DRILL-8450: Add Data Type Inference to XML Format Plugin #2819

cgivre · 2023-08-08T14:15:31Z

DRILL-8450: Add Data Type Inference to XML Format Plugin

Description

This PR adds data type inference to the XML format plugin. In similar fashion to other plugins, it adds a new configuration parameter: allTextMode, which when set to true, reads all data as strings. The default is true.
Note that the inference is limited to doubles, date, timestamps, boolean and strings.

Documentation

Updated README

Testing

Added unit test.

mbeckerle

+1 One comment to fix.

This was simpler than I expected. You already had the typify() method which does the real work.

I learned how to add a new config property to this thing.
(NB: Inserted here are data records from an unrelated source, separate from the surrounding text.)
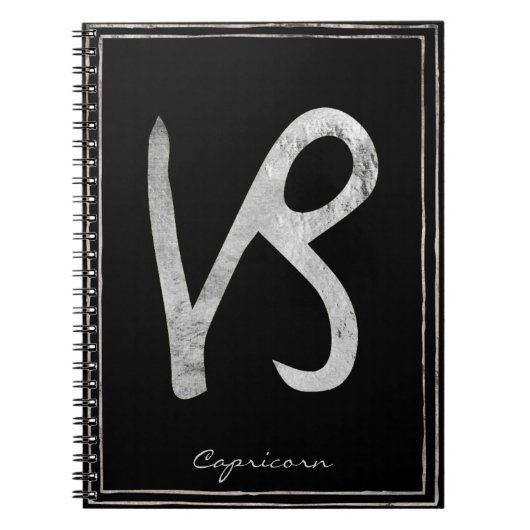 Capricorn hammered Silver gestileerde astrologie Notitieboek (Voorkant)
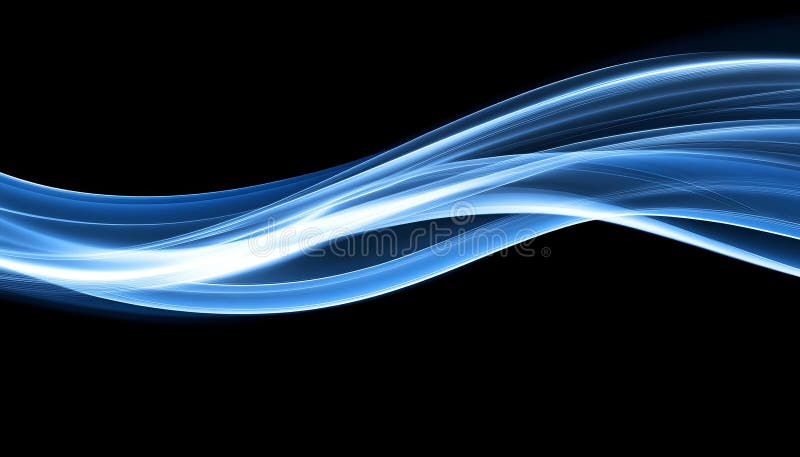 Abstrakte blaue Wave Converting Lines auf schwarzen Background Technologie Futuristische glatte Wavy Image.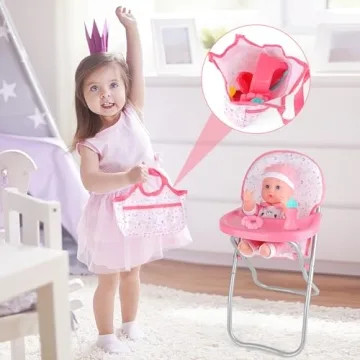 deAO Baby Doll Playset Stroller for Kids and Toddlers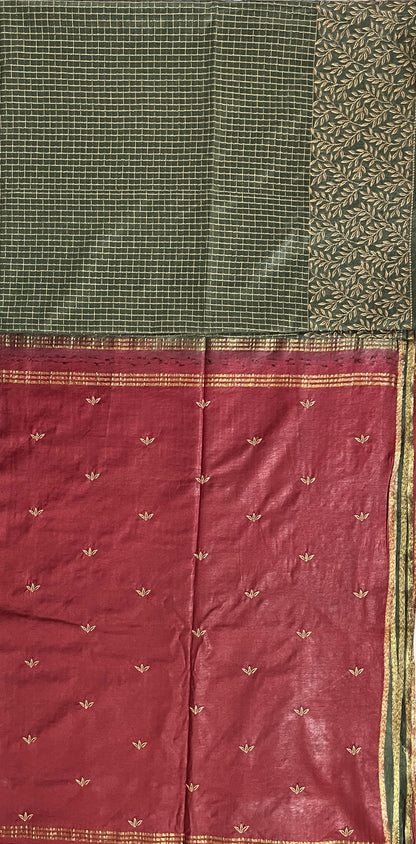 Ks 204 - Forest Green & Maroon Zari Work Saree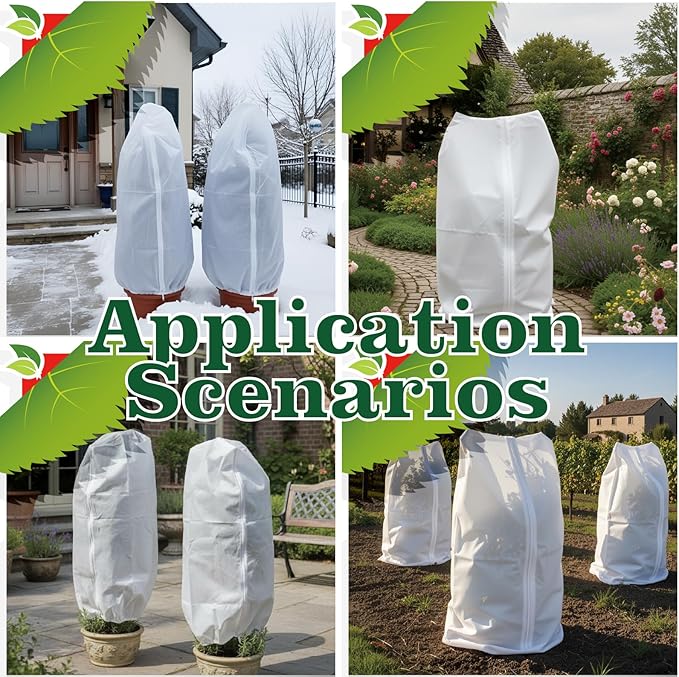 2 Packs Plant Covers Freeze Protection Frost Cloths for Outdoor Plants with Zipper Drawstring Jacket Cover Bags for Shrub Bush Tree Potted Cold Weather Garden Warm Insulation (white, 47"W x 71"H)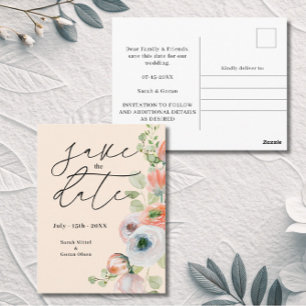 Beige Coral Floral Wedding Bewaar de datum Briefkaart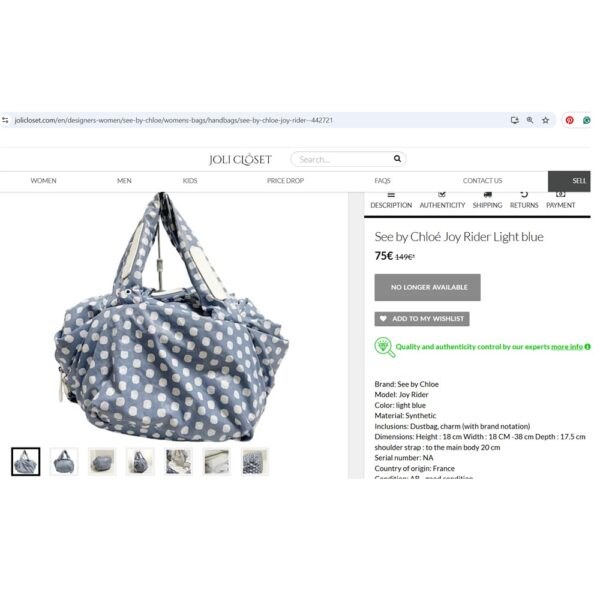 5215-Túi xách tay/đeo chéo-SEE BY CHLOE cloth tote bag15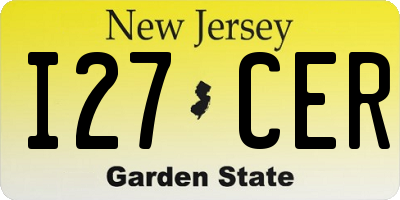 NJ license plate I27CER
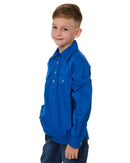 Kids Closed Front Shirt LS - Cobalt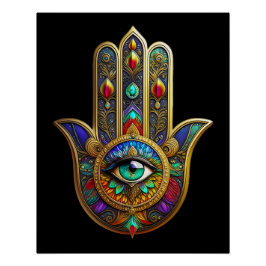 Peacock Color Flower Petals Hamsa Green Third Eye Perfect Poster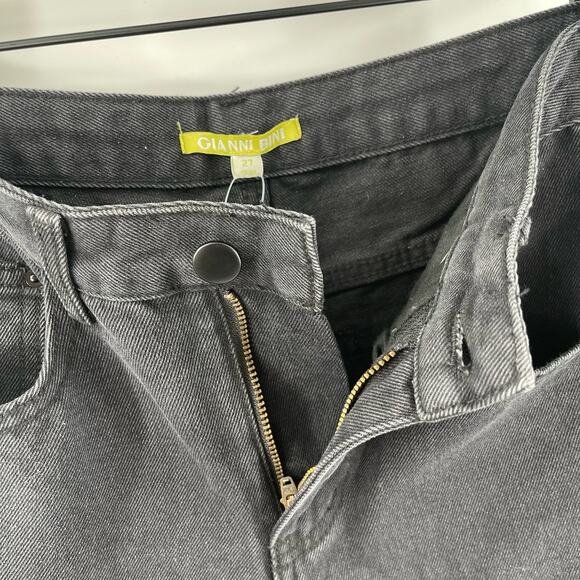 GIANNI BINI Jeans Denim Size 27 Stella Raw Hem Gray Black 100% Cotton Crop NWT - Picture 8 of 16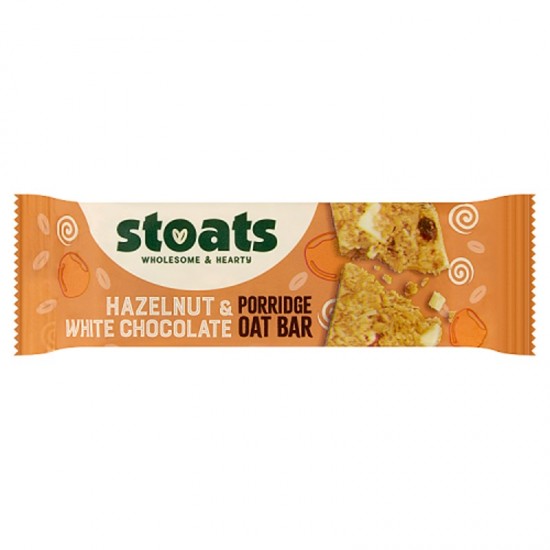 Stoats Oat Bar - White Chocolate & Hazelnut (24x42g)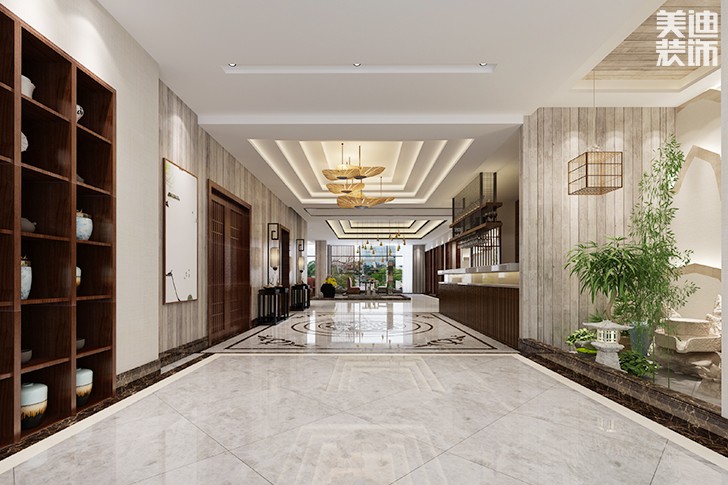 西維咖啡慕茗緣店1800平米新中式風格效果圖--進門吧臺區大廳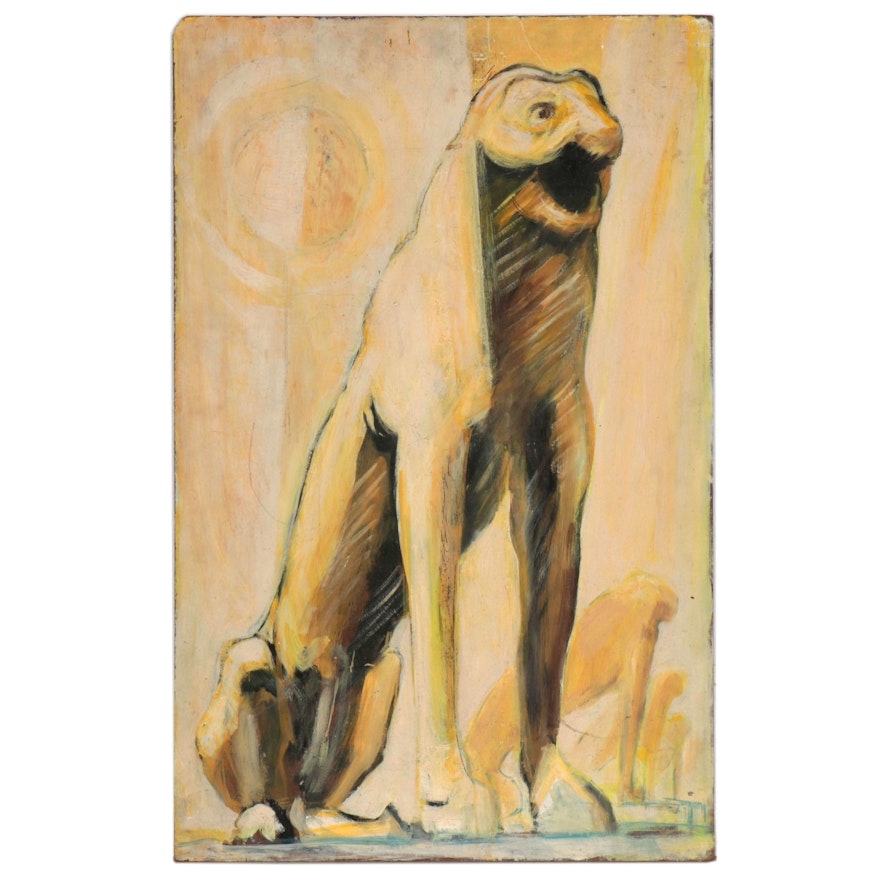 Mary Shaw Oil Painting of Animalistic Figures, Mid-20th Century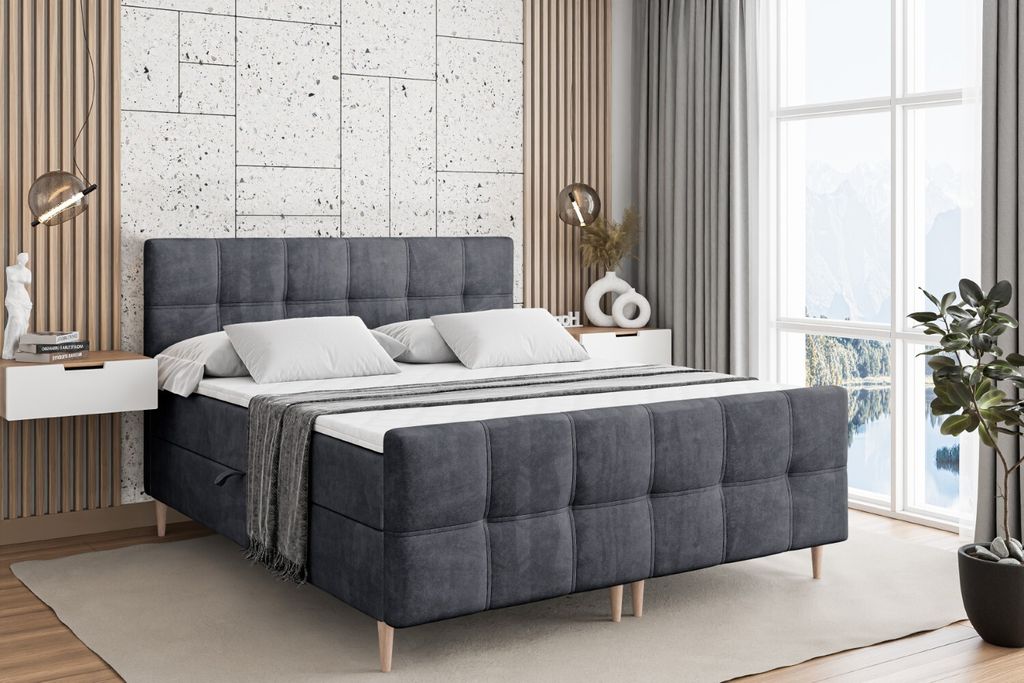 ALTDECOR Boxspringbett mit Holz Füßen, Matratze und Lattenrost, Topper, Fußteil, Polsterbett mit Bettkasten, Bett mit Stauraum H4-Matratze, Dopp...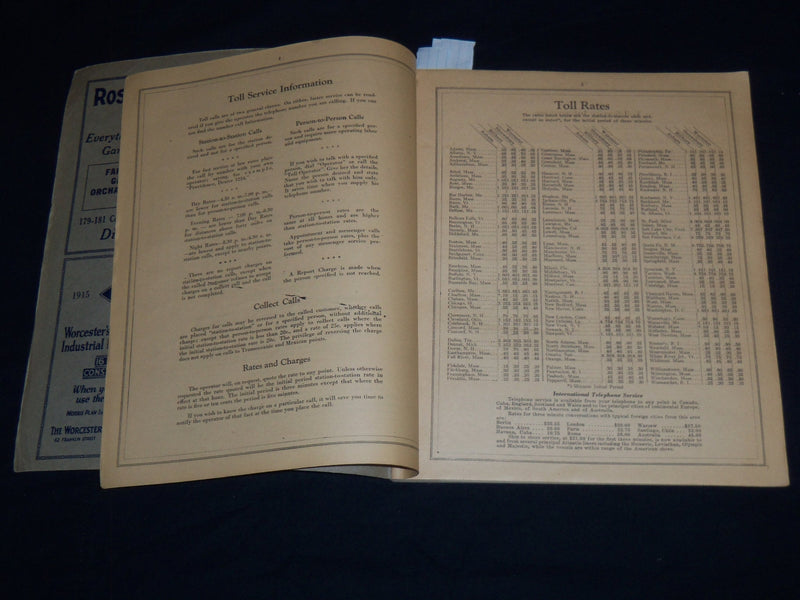 1931 WINTER & SPRING WORCESTER TELEPHONE DIRECTORY BOOK - J 8805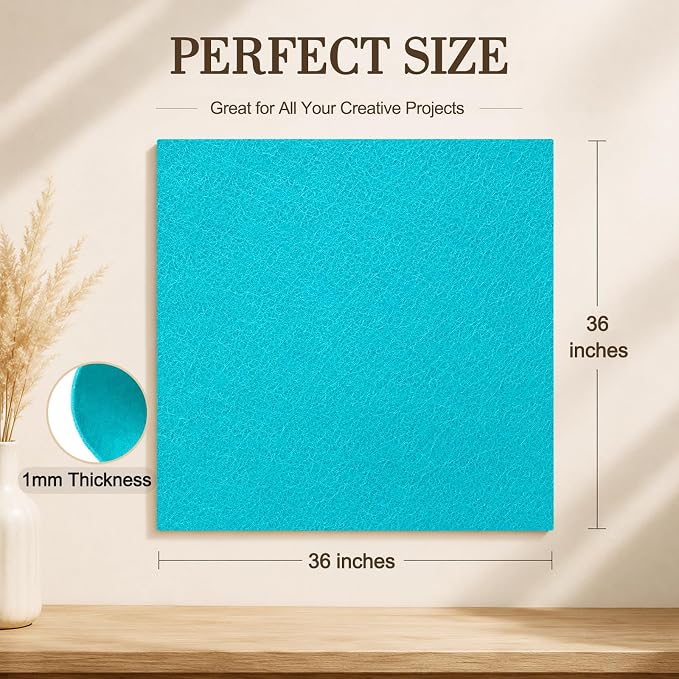 Teal Blue Large Felt Fabric 36" x 36", 1mm Stiff Felt Sheet, Nonwoven Fabric - Image 3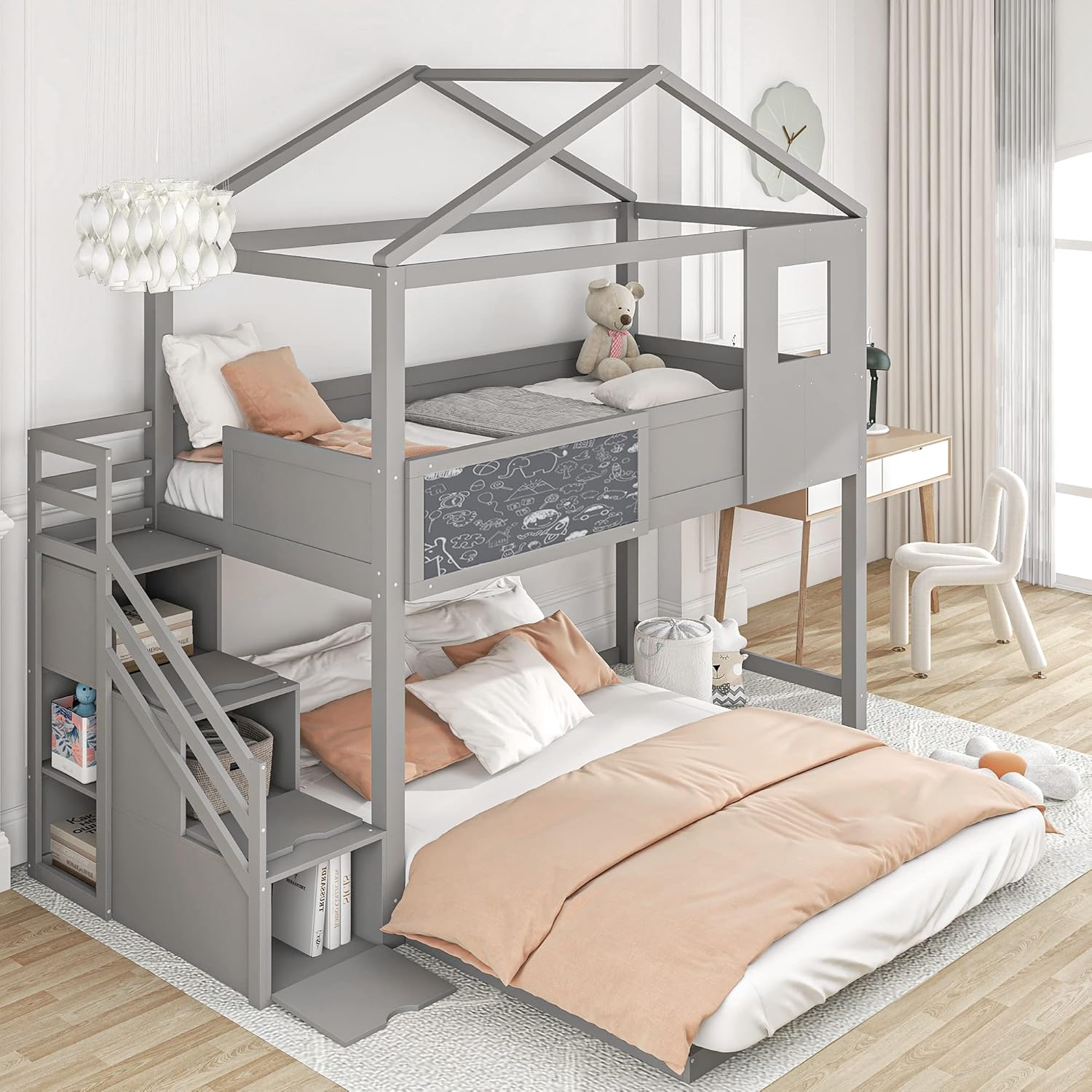 (Incomplete box 1/2) MOEO Twin Over Full House Bunk Bed with Storage Staircase and Blackboard, Wood Bunkbed Frame w/Window for Kids, Bedroom, Teens, Adults, No Box Spring Required, Modern Design, Gray Grey Twin over Full House Bunk Bed with Storage Staircase and Blackboard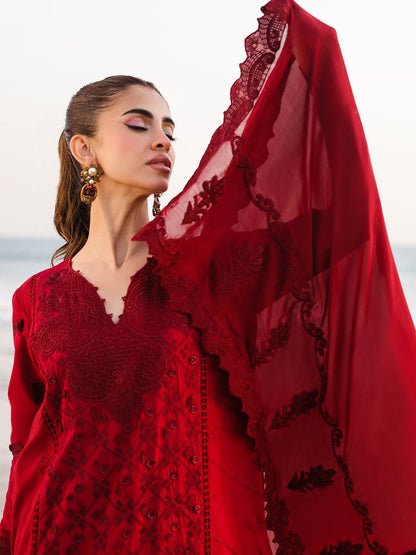 Faiza Faisal | Marine Luxury Lawn 25 | TARA XL Red Lawn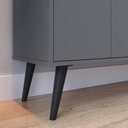Ver imagem 5 de Kit Sala Jantar Aparador Buffet Kiev Armário Parede Amélia Suspenso Prateleiras - Cinza/cinamomo
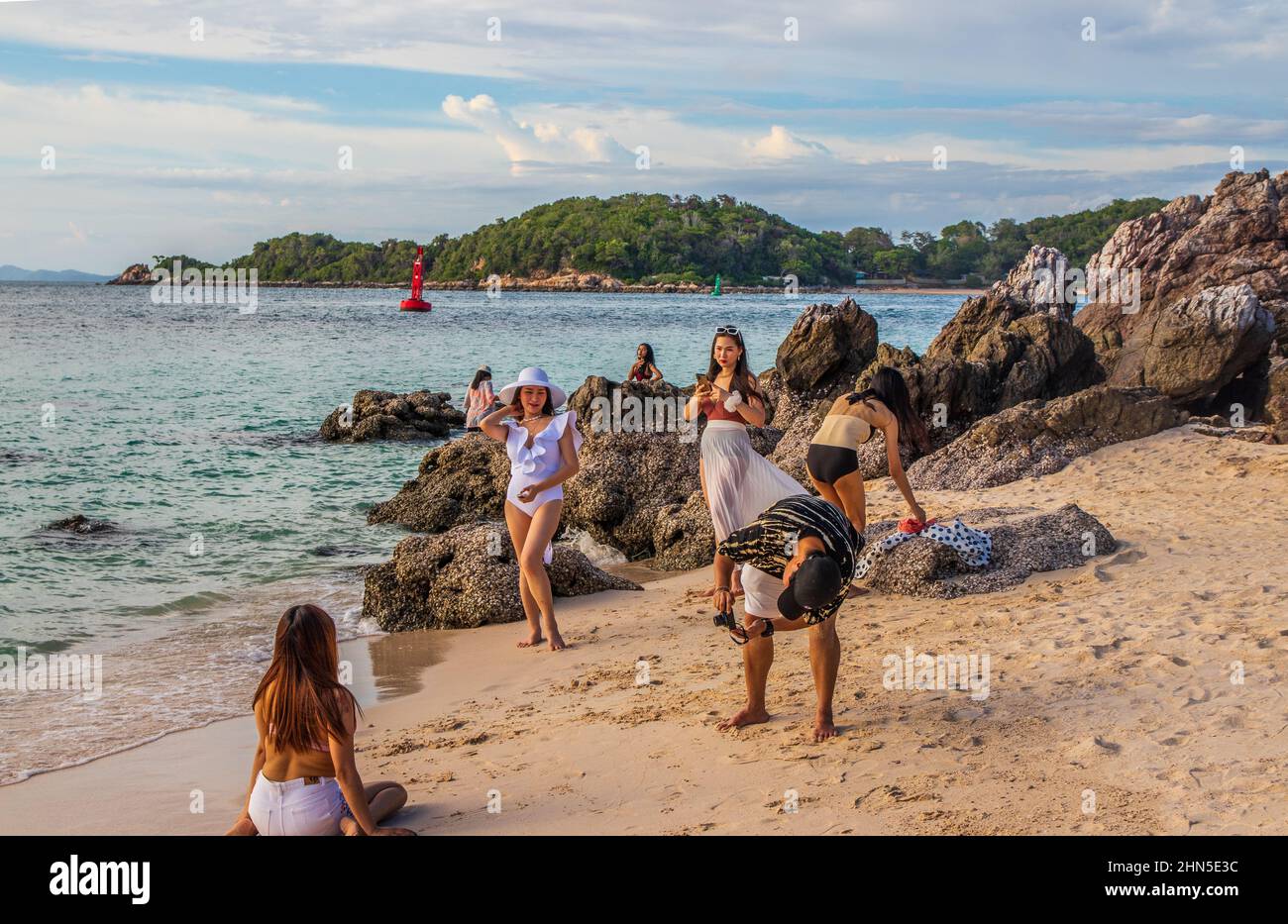 Una foto o una sessione sulla spiaggia e in mare Foto Stock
Very useful.

mbeckerle · 2023-08-08T14:58:16Z

contrib/format-xml/README.md

-All fields are read as strings.  Nested fields are read as maps.  Future functionality could include support for lists.
+The XML reader has an `allTextMode` which, when set to `true` reads all data fields as strings.
+When set to `false`, Drill will attempt to infer data types.
+Nested fields are read as maps.  Future functionality could include support for lists.


Not really part of this change set, but I don't know what you are suggesting by "future functionality could include support for lists." I'd like to understand that plan/idea just as part of grokking all of this XML mapping.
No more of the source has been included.